++++ The data ++++

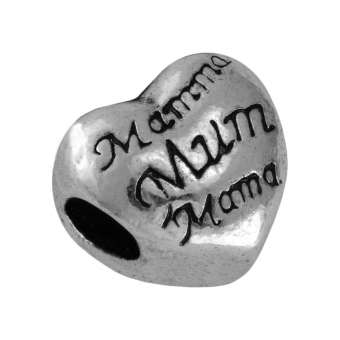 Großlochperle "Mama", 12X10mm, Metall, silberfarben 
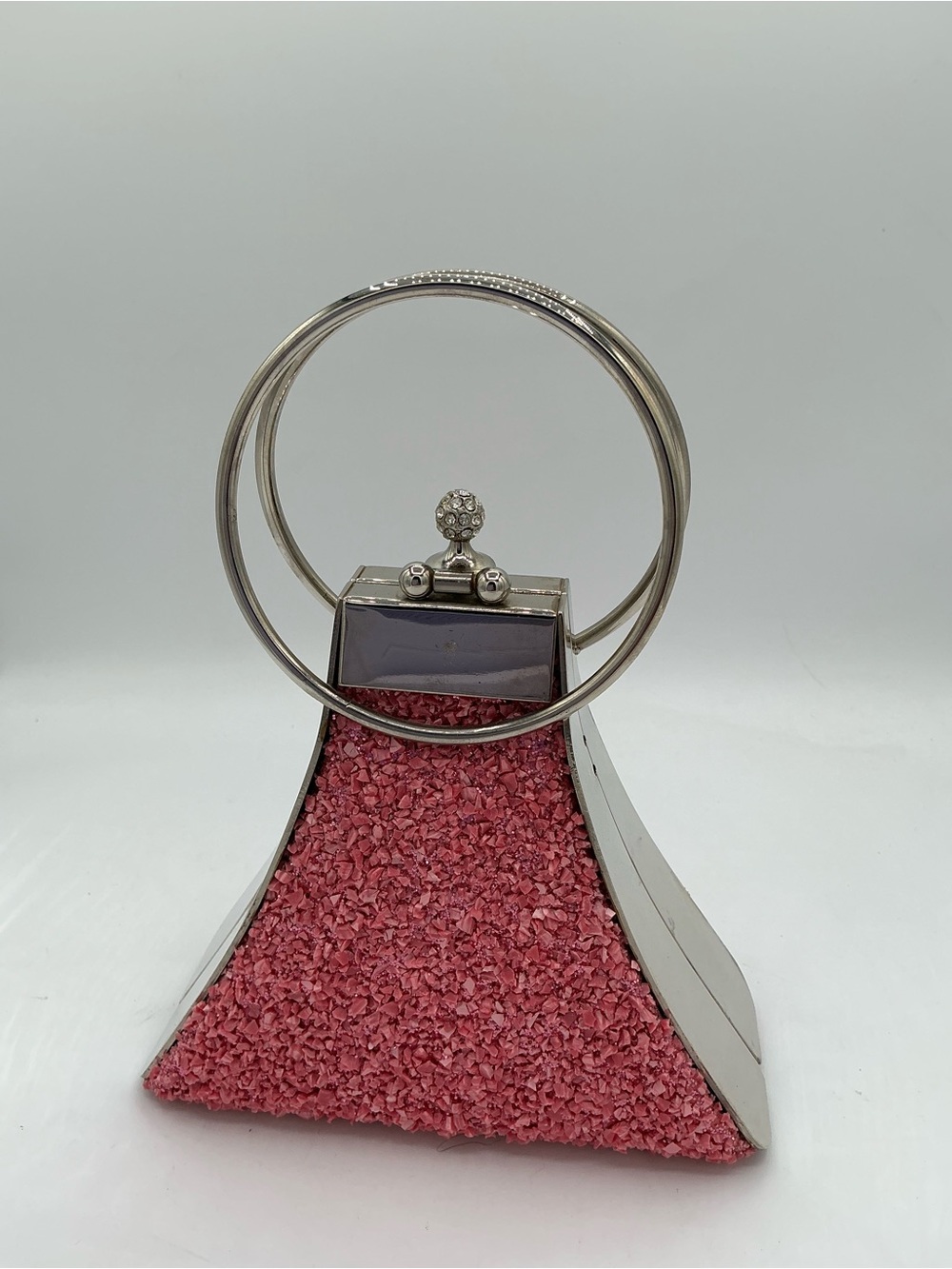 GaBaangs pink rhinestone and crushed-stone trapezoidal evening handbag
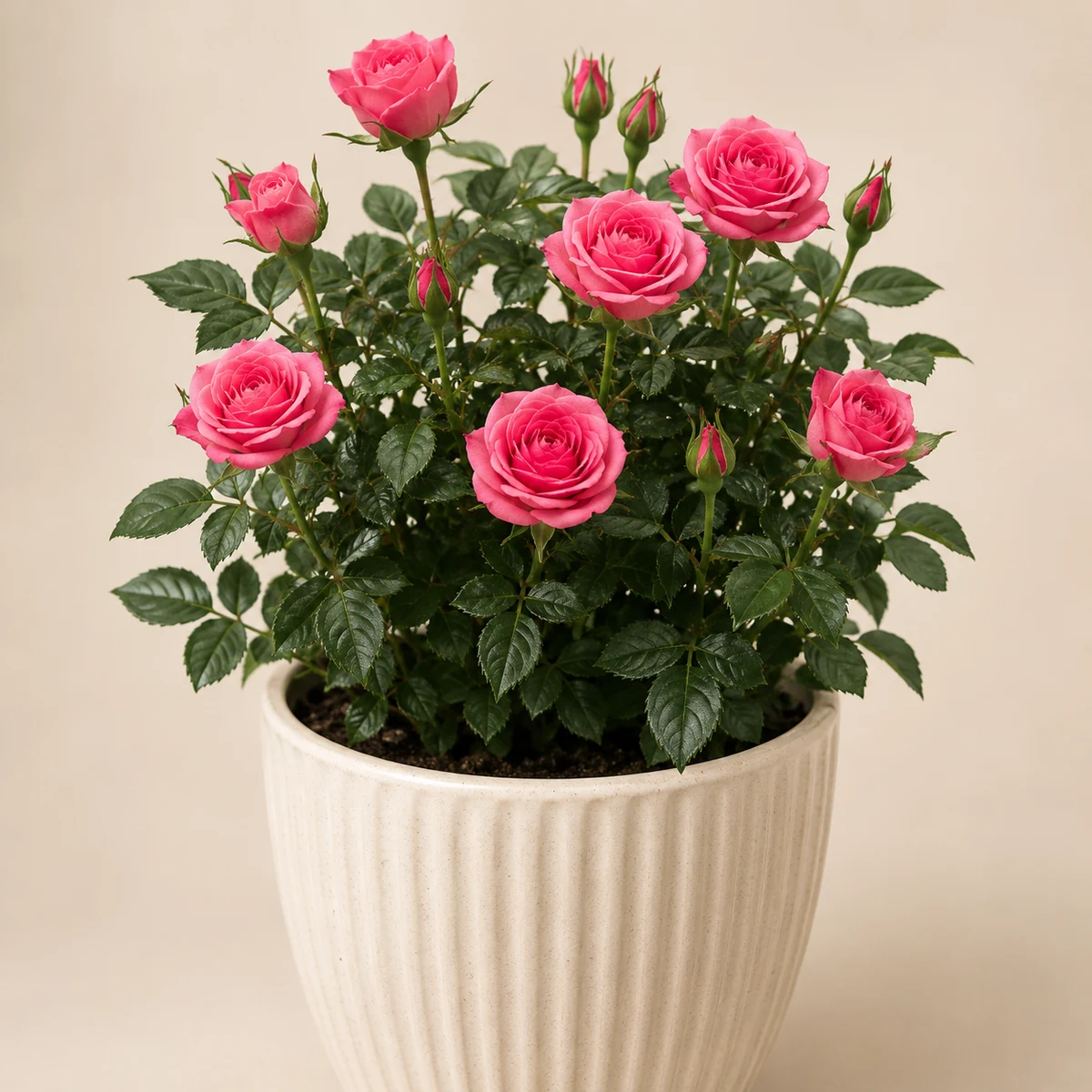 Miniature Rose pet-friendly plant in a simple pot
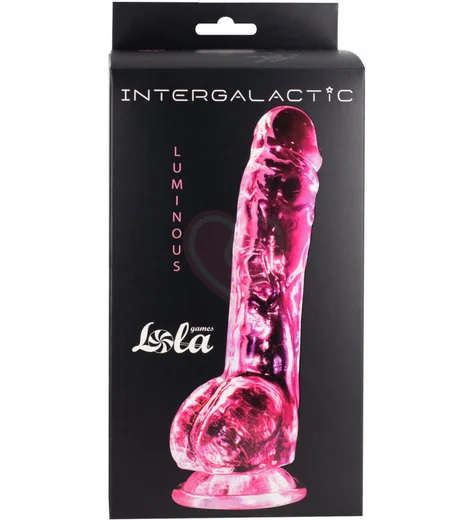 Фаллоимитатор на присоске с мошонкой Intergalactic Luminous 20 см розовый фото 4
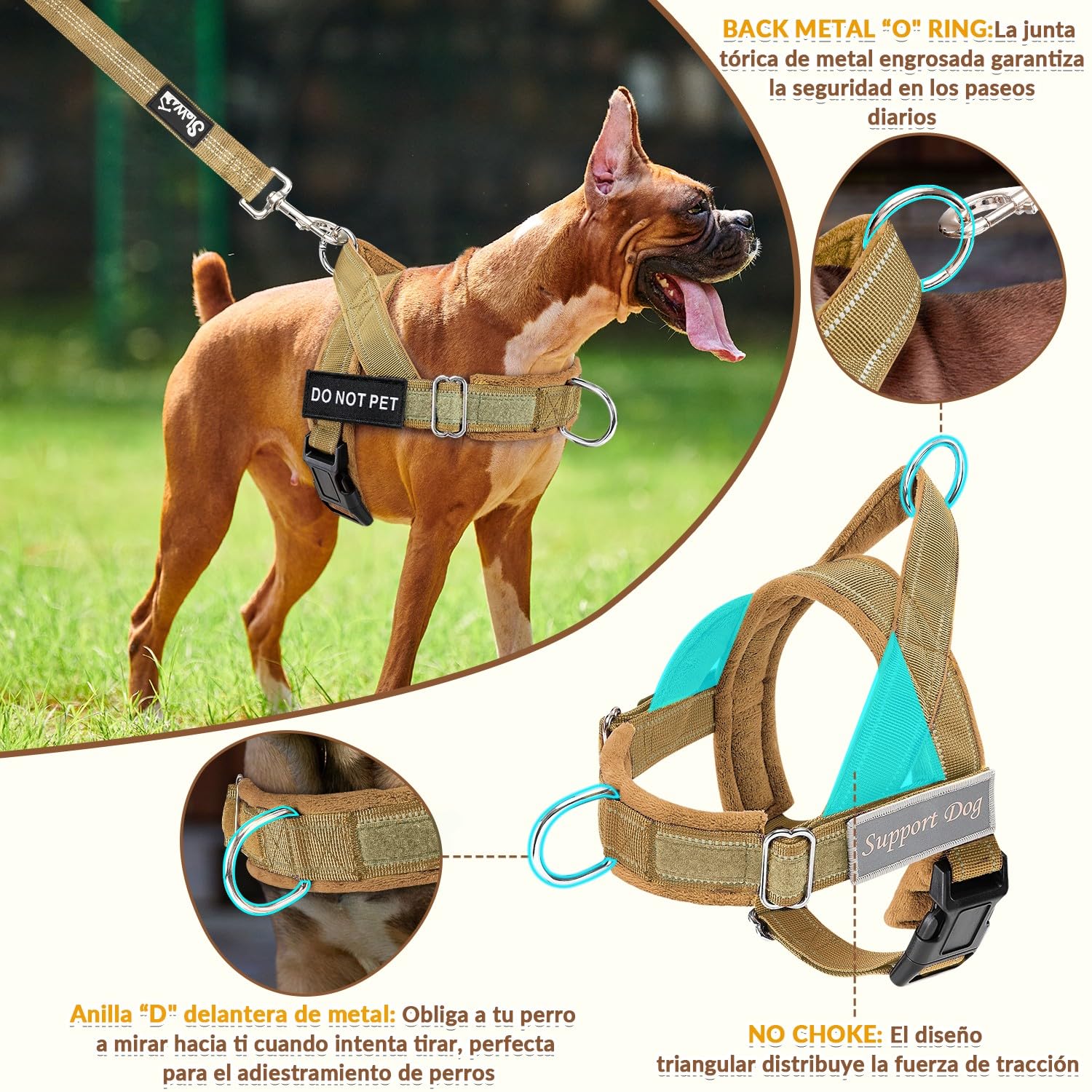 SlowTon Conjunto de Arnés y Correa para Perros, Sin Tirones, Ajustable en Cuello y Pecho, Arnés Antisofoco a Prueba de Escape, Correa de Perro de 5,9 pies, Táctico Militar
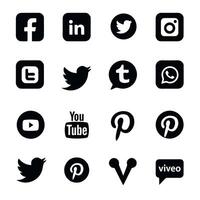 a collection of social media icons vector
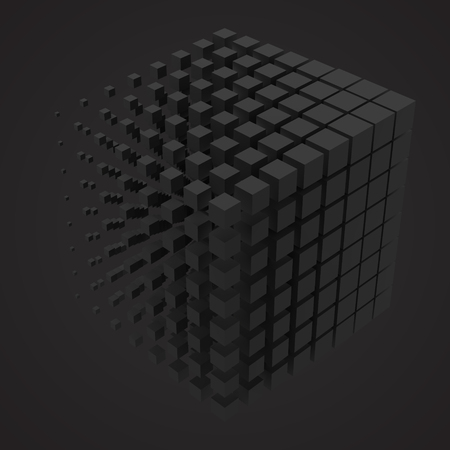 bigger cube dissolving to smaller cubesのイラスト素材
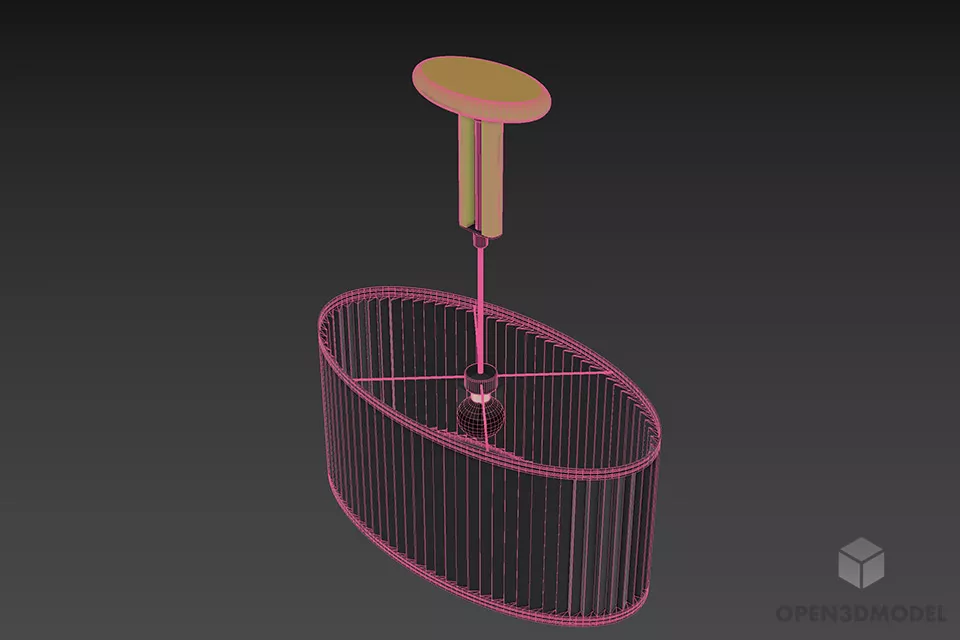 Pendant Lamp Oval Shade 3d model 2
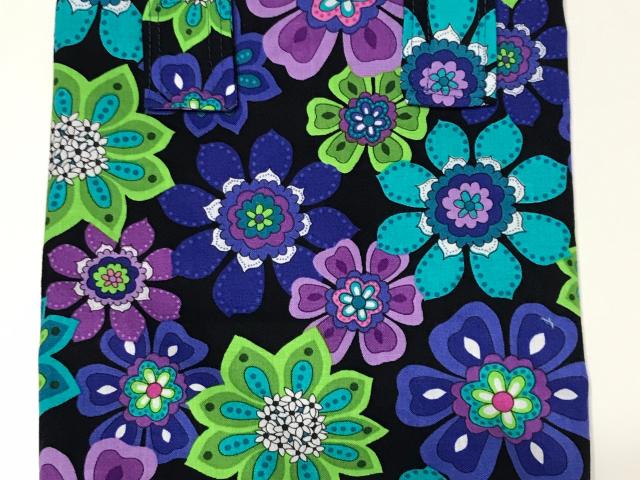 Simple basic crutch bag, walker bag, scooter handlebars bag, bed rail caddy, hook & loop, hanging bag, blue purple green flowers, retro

++++

What to work on: Only the lines from the one containing "Miniature Rose pet-friendly" through the last line of the data may appear in the answer, each given again exactly and with pictures left out.

Task result:
 Miniature Rose pet-friendly plant in a simple pot
 Фаллоимитатор на присоске с мошонкой Intergalactic Luminous 20 см розовый фото 4
 SlowTon Conjunto de Arnés y Correa para Perros, Sin Tirones, Ajustable en Cuello y Pecho, Arnés Antisofoco a Prueba de Escape, Correa de Perro de 5,9 pies, Táctico Militar
 a collection of social media icons vector
 bigger cube dissolving to smaller cubesのイラスト素材
 Pendant Lamp Oval Shade 3d model 2
 Simple basic crutch bag, walker bag, scooter handlebars bag, bed rail caddy, hook & loop, hanging bag, blue purple green flowers, retro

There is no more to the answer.